• YOUR ASSIGNMENT: Using the listing below, copy exactly each line from the one that has "this 768×432 image." through the one that has "this 852×568 image."; omit the pictures.

• INFORMATION SHOWN:
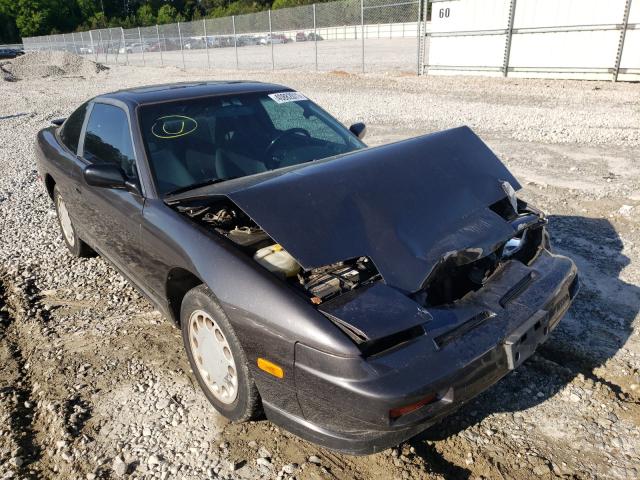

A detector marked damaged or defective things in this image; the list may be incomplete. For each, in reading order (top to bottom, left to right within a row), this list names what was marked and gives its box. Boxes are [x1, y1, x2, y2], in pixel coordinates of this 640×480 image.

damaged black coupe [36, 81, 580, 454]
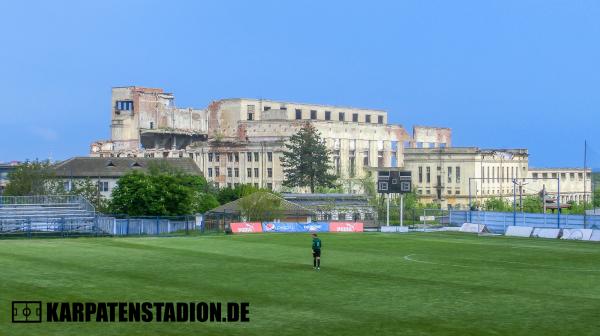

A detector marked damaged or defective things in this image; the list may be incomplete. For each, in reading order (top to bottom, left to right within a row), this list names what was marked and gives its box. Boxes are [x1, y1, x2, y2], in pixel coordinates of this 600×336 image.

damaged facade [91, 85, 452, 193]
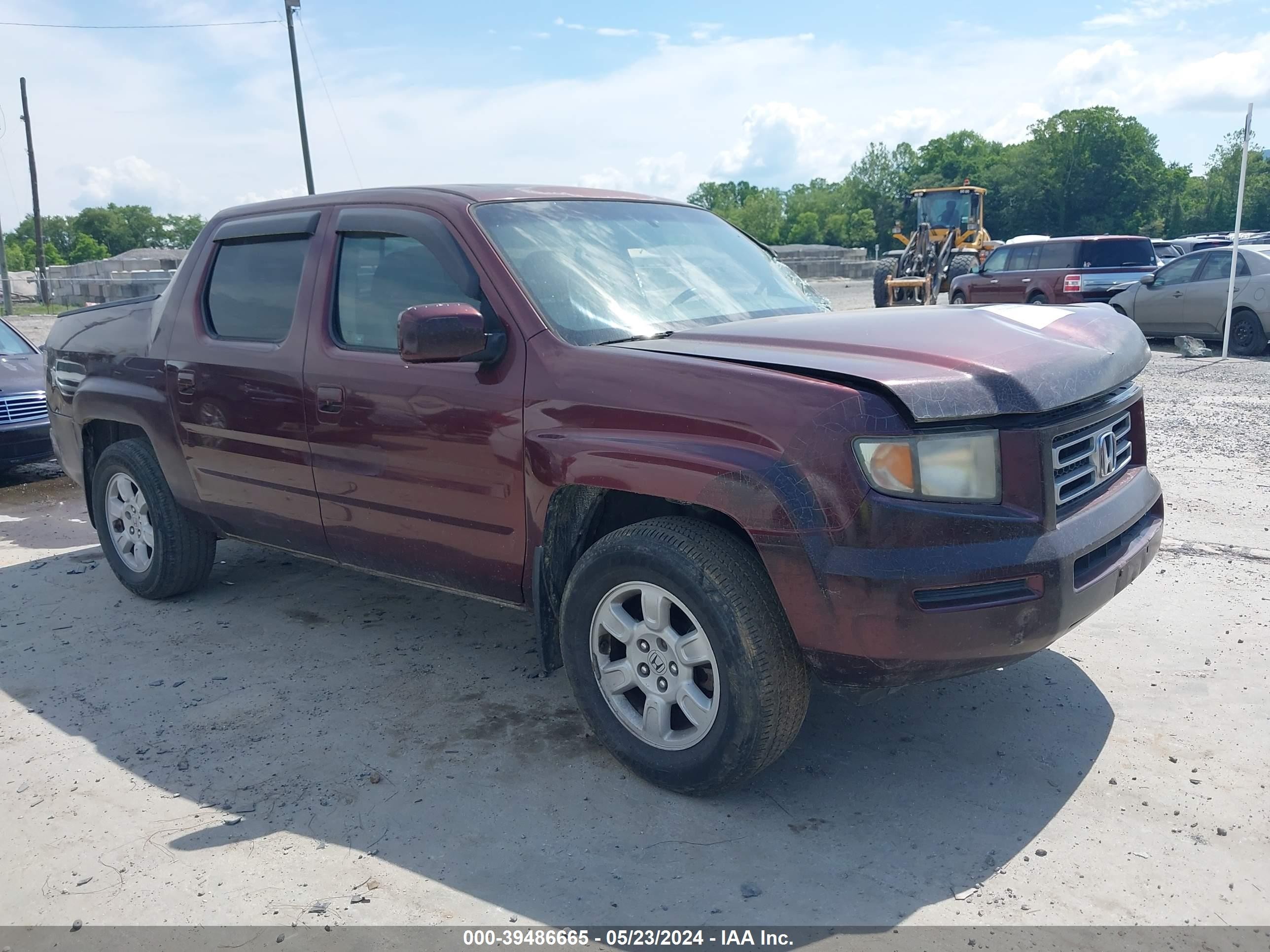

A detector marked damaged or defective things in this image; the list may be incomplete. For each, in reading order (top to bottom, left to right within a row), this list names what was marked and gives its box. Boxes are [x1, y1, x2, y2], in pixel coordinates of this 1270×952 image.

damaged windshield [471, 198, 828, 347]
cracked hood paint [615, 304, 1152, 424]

...

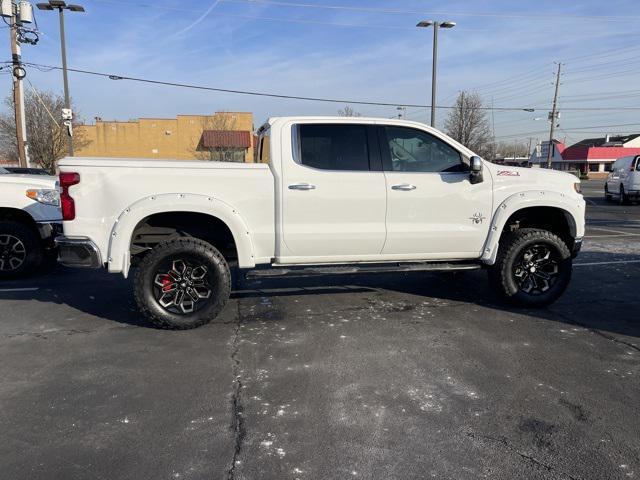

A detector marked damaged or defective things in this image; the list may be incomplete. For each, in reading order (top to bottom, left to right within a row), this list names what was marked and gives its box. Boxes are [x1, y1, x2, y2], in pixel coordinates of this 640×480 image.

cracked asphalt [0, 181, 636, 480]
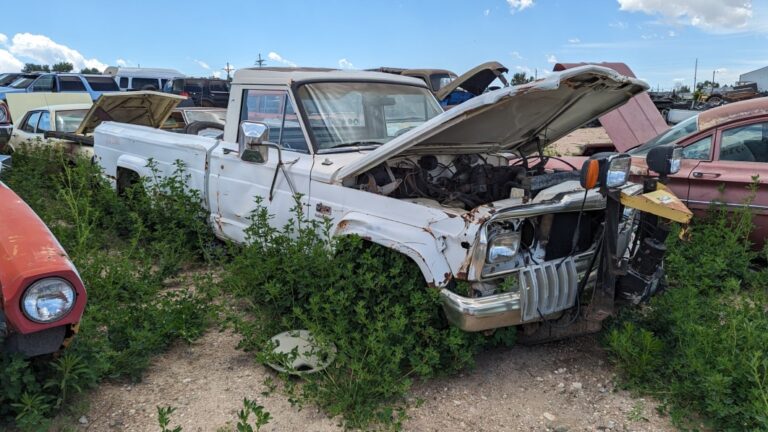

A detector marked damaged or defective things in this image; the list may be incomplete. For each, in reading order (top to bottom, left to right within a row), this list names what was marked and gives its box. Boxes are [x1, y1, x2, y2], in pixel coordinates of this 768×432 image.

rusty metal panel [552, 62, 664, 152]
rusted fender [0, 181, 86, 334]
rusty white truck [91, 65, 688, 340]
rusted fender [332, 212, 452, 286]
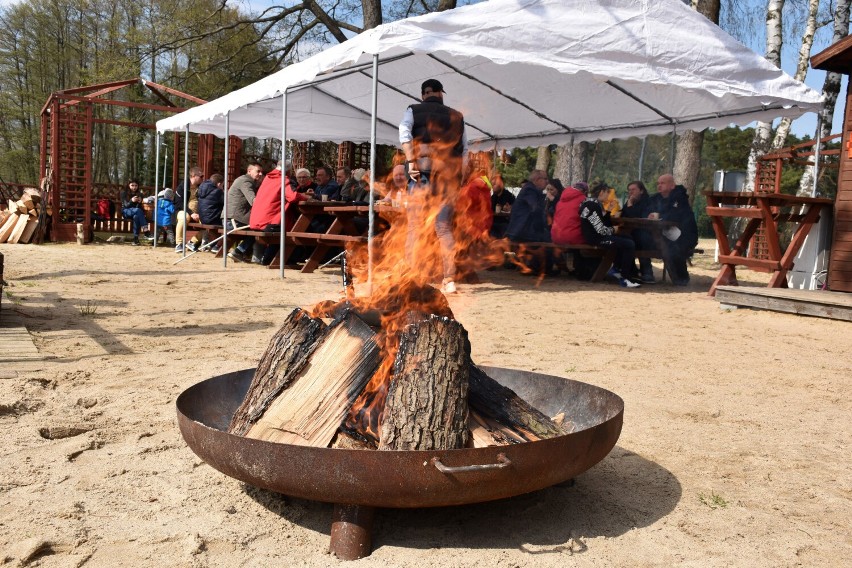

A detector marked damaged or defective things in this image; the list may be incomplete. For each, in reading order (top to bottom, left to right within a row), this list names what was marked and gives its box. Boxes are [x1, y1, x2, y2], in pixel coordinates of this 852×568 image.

• WRITTEN RESPONSE:
A detector marked damaged or defective things in this image; the list may be incomplete. For each, in reading order (top to bottom, left to right within a row), this list names what was marked and gives its box. Boxes are [x1, y1, x2, y2], in pixel coordinates of this 768×432 image.

rusty metal panel [552, 62, 664, 152]
rusted fender [0, 181, 86, 334]
rusty white truck [91, 65, 688, 340]
rusted fender [332, 212, 452, 286]

A detector marked damaged or defective things in this image; the list may be incomplete. For each, in reading order (top to bottom, left to right within a row), this list names what was marked and gives its box. Boxes are [x1, y1, x2, y2], in pixel coordinates of this 852×568 image.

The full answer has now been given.